Steve Palmer, a funeral director in Cottonwood, Arizona, and former member of the policy board at the National Funeral Directors Association, said the conflict of interest “just leads to problems”.
"There are no ethics there when you do that,” Mr Palmer said.
“You are not looking at the full disposition (of a body). You are looking at how to make money."
Ms Hess runs Sunset Mesa, a funeral home, and Donor Services, a body broker operation from the same building in Montrose. Some former staff members of Sunset Mesa said they never heard Ms Hess disclose to donors that the bodies would be sold for profit.
Robert Fells, general counsel of the International Cemetery, Cremation and Funeral Association, called the operation a “deception”.
"The fact that now the business is also making money from the sale of body parts – if that is not being told to the family, it is unethical and probably illegal,” Mr Fells said.
He called running such a multifaceted operation "a new frontier."
Through the attorney, Ms Hess declined to comment for this story and didn't address questions about the FBI probe, her business practices, and the allegations by former employees. The attorney, Carol Viner, asked Reuters to "refrain from contacting" Ms Hess employees "for any reason."

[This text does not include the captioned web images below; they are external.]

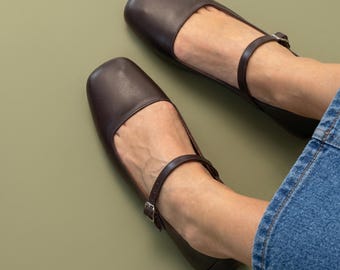 Brown Leather Square Toe Mary Jane Flats, Minimalist Work Ballet Shoes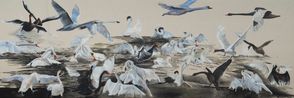 Swan Lake on the Radio by Jill Mulleady contemporary artwork Painting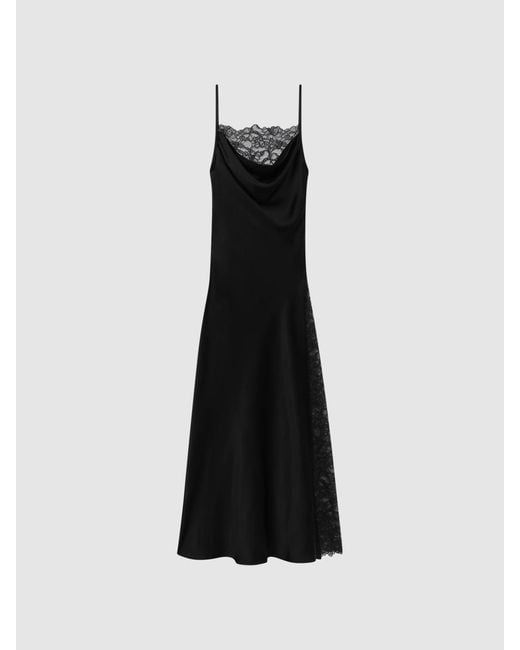 Anna Quan Black Satin Lace Cowl Neck Maxi Dress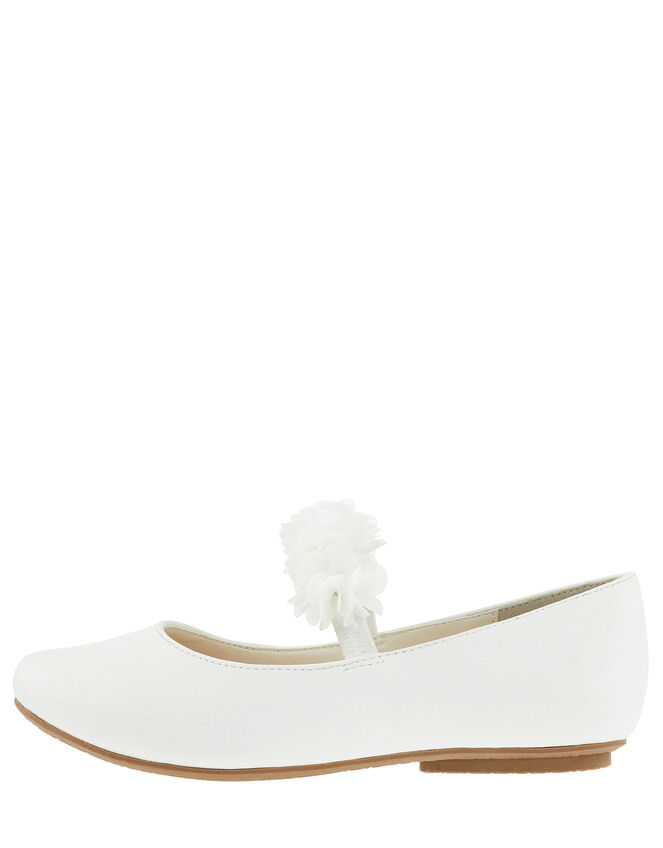 Cynthia Corsage Shimmer Ballerina Flat Shoes, Ivory (IVORY), large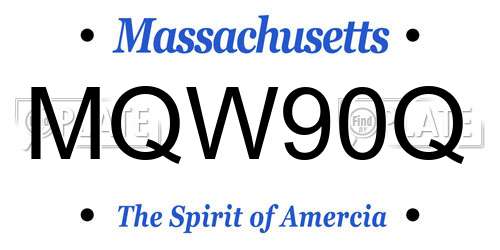MQW90Q Massachusetts License Plate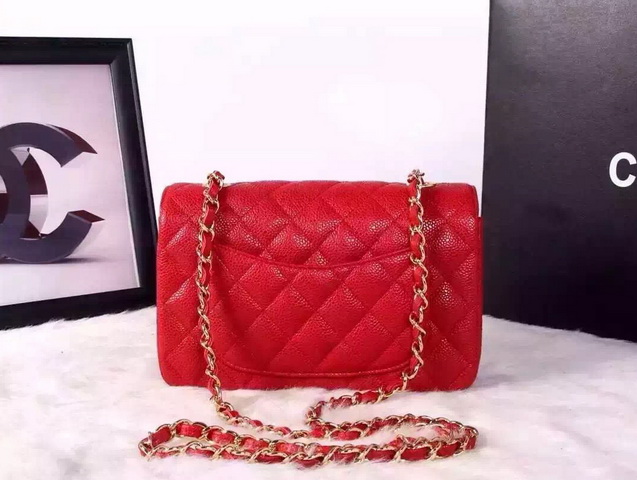 Chanel Small Caviar Flap Bag Red Gold Metal for Sale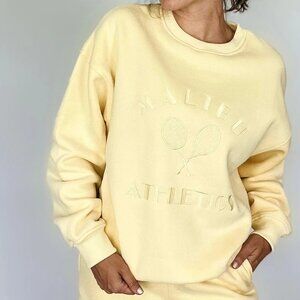 NWT Bailey & Rose Yellow Malibu Athletics Sweatshirt Size Medium Tennis Rackets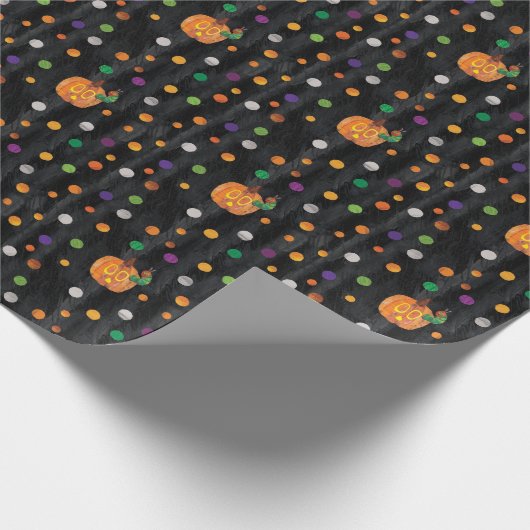 Eric Carle | Halloween Polka Dot Pattern Geschenkpapier (Ecke)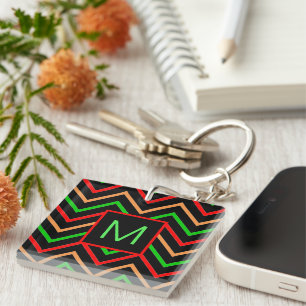 Porte-clefs Cool coloré Chevron sur Monogramme noir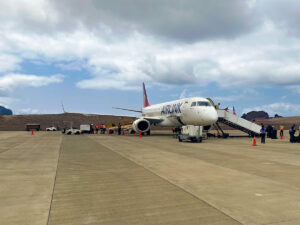 Airlink Embraer E190 at Saint Helena Airport after arriving from Johannesburg via Walvis Bay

The focus and extent of the federal probe into the operation is unclear, and the FBI also declined to comment.
Separate from the FBI inquiry, Reuters has learned that Colorado state funeral regulators are investigating Ms Hess's funeral home, Sunset Mesa. The state's Department of Regulatory Agencies said it has nine open complaints about Sunset Mesa – "higher than average" for funeral homes in the state, said spokesman Lee Rasizer.
He would not discuss the nature of those complaints or any action it may be taking.
Reuters began examining the Hess companies more than a year ago as part of the news agency's exploration of the human body trade, a virtually unregulated industry that largely operates in the shadows.